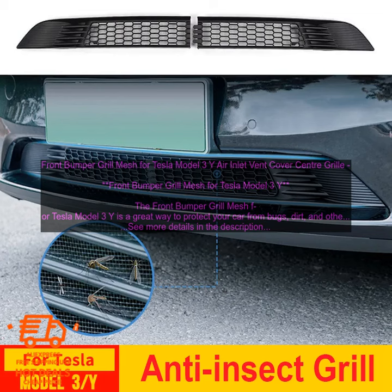If you're looking for a way to protect your Tesla Model 3Y from bugs, dirt, and other debris, then a front bumper grill mesh is a great option. It's easy to install, durable, and lightweight.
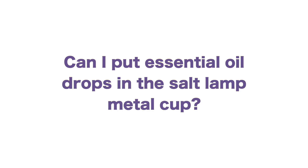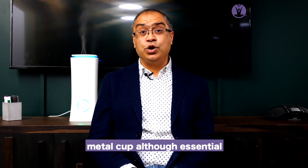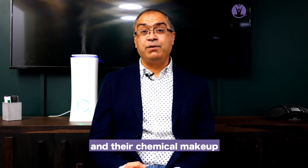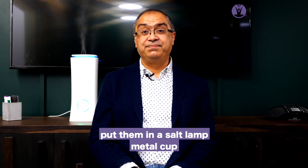Can I put essential oil drops in the salt lamp metal cup? Yes, you can use essential oils in the salt lamp metal cup. Although essential oils lose their potency and their chemical makeup once they are heated, I personally would rather diffuse them than put them in a salt lamp metal cup.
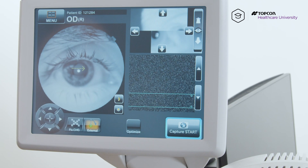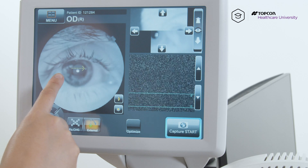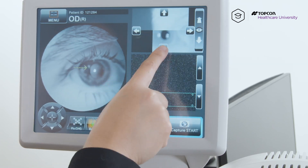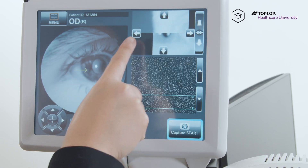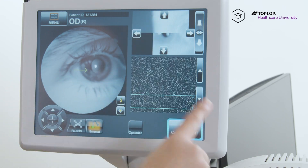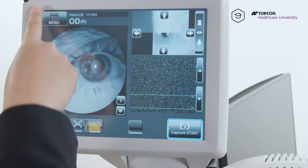Hit capture start, and it brings you to the screen with this green arrow. You want to position that green arrow so that it's being cut in half by the outer edge of the iris. I'm using that by moving the camera with these top right arrows here. We know this is his temporal angle here because his nasal area is here, which is his nose. If we're doing a temporal angle, his temporal side is right here.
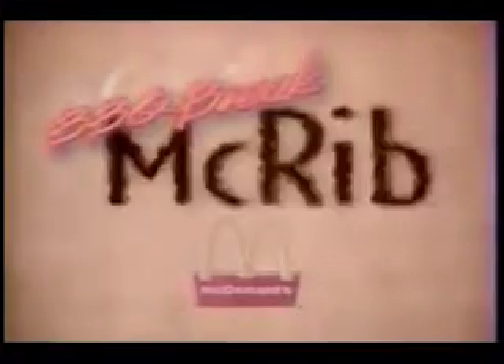Barbecue Break! McRib! It's time to take a barbecue break with McDonald's delicious McRib Sandwich. It's our tender pork slathered in hickory-flavored barbecue sauce and topped with slivered onions, pickles, and a bakery bun.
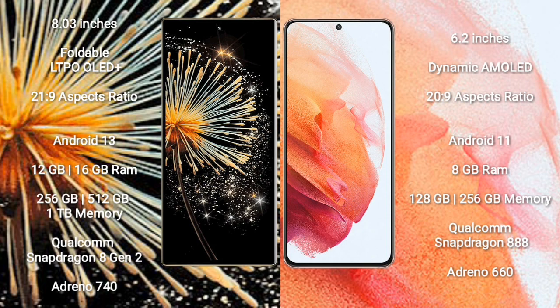Xiaomi Mix Fold 3 comes with 12GB or 16GB RAM, and 256GB or 512GB internal storage, powered by a Qualcomm Snapdragon 8 Gen 2 processor and Adreno 740 GPU. Samsung Galaxy S21 comes with 8GB RAM and 128GB or 256GB internal storage, powered by a Qualcomm Snapdragon 888 processor and Adreno 660 GPU.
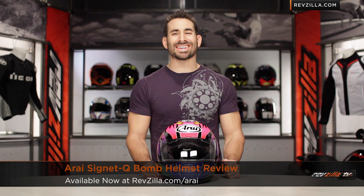Hey, this is Anthony with RevZilla. It's here where you can watch Decide and Ride. Welcome to our brief graphical overview of the new Arai Signet-Q Cube Bomb Graphic available at RevZilla.com.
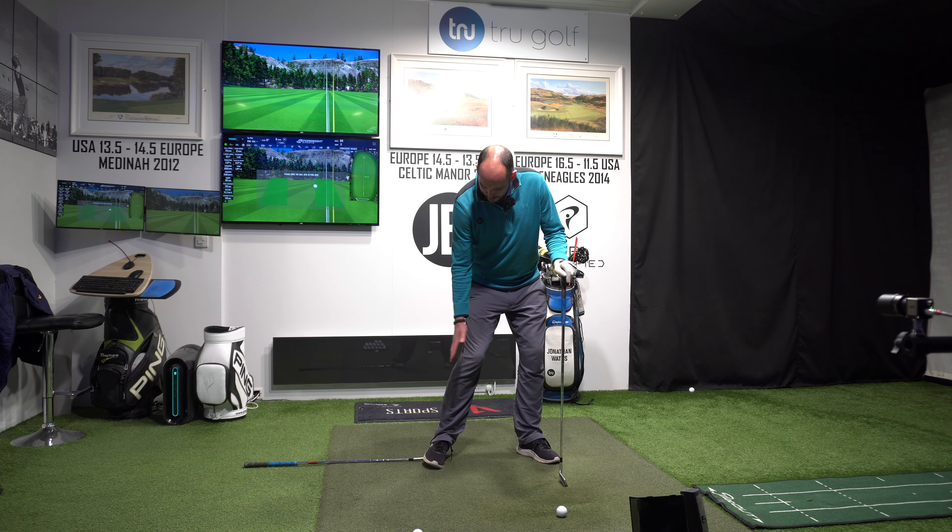I'm just trying to get the sensation of pushing my trail foot and trail knee towards my lead side through impact. What my lead side is going to do is get out of the way — it's going to extend and rotate. I don't want to push with this trail foot and maintain a lot of flex in the lead knee, because then my pressure is going to the outside edge of my foot. As I push off my trail foot, my lead leg is just going to be straightening and rotating.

» **Exercise brief**: The listing above must be retyped word for word, without the pictures.

» **Your response**:
If you're looking for a way to protect your Tesla Model 3Y from bugs, dirt, and other debris, then a front bumper grill mesh is a great option. It's easy to install, durable, and lightweight.
Can I put essential oil drops in the salt lamp metal cup? Yes, you can use essential oils in the salt lamp metal cup. Although essential oils lose their potency and their chemical makeup once they are heated, I personally would rather diffuse them than put them in a salt lamp metal cup.
Hit capture start, and it brings you to the screen with this green arrow. You want to position that green arrow so that it's being cut in half by the outer edge of the iris. I'm using that by moving the camera with these top right arrows here. We know this is his temporal angle here because his nasal area is here, which is his nose. If we're doing a temporal angle, his temporal side is right here.
Barbecue Break! McRib! It's time to take a barbecue break with McDonald's delicious McRib Sandwich. It's our tender pork slathered in hickory-flavored barbecue sauce and topped with slivered onions, pickles, and a bakery bun.
Xiaomi Mix Fold 3 comes with 12GB or 16GB RAM, and 256GB or 512GB internal storage, powered by a Qualcomm Snapdragon 8 Gen 2 processor and Adreno 740 GPU. Samsung Galaxy S21 comes with 8GB RAM and 128GB or 256GB internal storage, powered by a Qualcomm Snapdragon 888 processor and Adreno 660 GPU.
Hey, this is Anthony with RevZilla. It's here where you can watch Decide and Ride. Welcome to our brief graphical overview of the new Arai Signet-Q Cube Bomb Graphic available at RevZilla.com.
I'm just trying to get the sensation of pushing my trail foot and trail knee towards my lead side through impact. What my lead side is going to do is get out of the way — it's going to extend and rotate. I don't want to push with this trail foot and maintain a lot of flex in the lead knee, because then my pressure is going to the outside edge of my foot. As I push off my trail foot, my lead leg is just going to be straightening and rotating.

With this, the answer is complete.